● **To do**: Give again, word for word, the lines below that run from the line with "کالسکه خارجی|کالسکه و" through the line with "Yamaha 150hp 2". Drop the pictures.

● **Records**:
· · · · ·

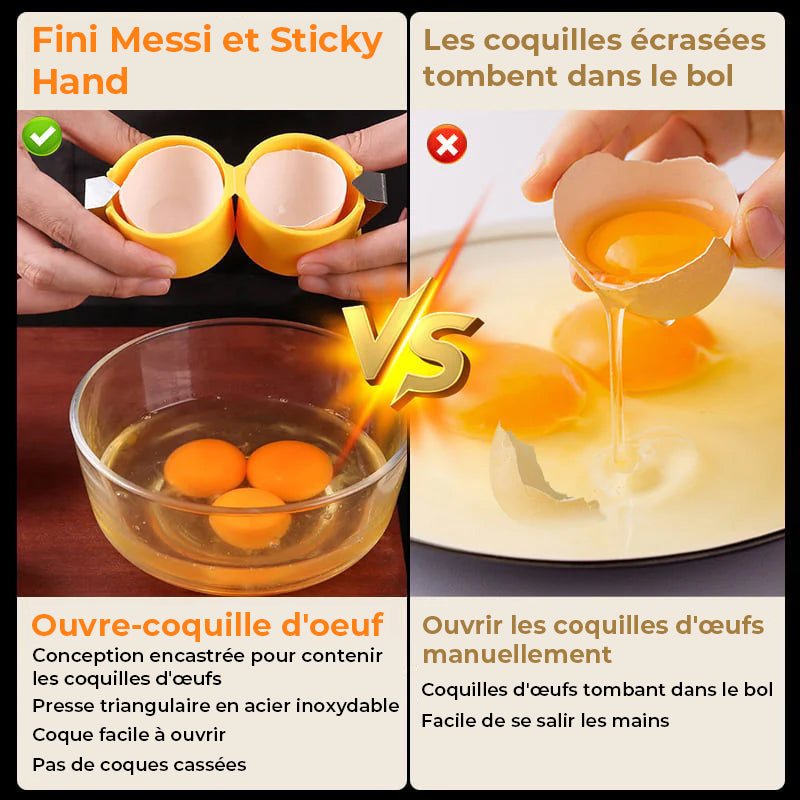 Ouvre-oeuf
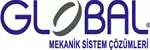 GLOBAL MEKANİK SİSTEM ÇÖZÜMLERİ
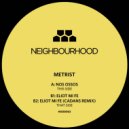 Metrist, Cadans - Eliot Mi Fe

· · · · ·

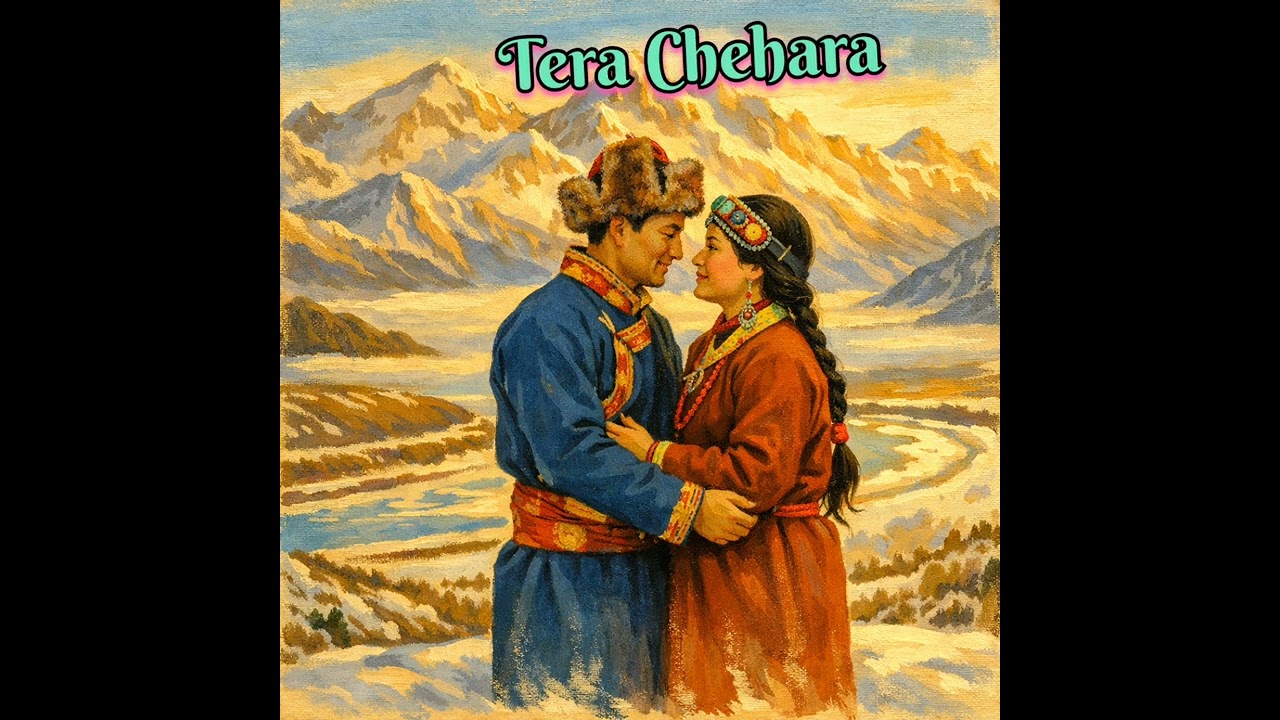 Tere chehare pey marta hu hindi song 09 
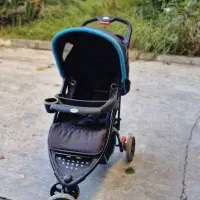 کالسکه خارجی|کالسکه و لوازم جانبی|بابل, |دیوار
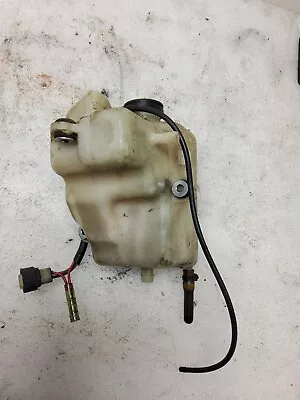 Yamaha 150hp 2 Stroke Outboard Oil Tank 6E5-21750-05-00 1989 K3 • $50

· · · · ·

● **Reply to the exercise**:
 کالسکه خارجی|کالسکه و لوازم جانبی|بابل, |دیوار
 Yamaha 150hp 2 Stroke Outboard Oil Tank 6E5-21750-05-00 1989 K3 • $50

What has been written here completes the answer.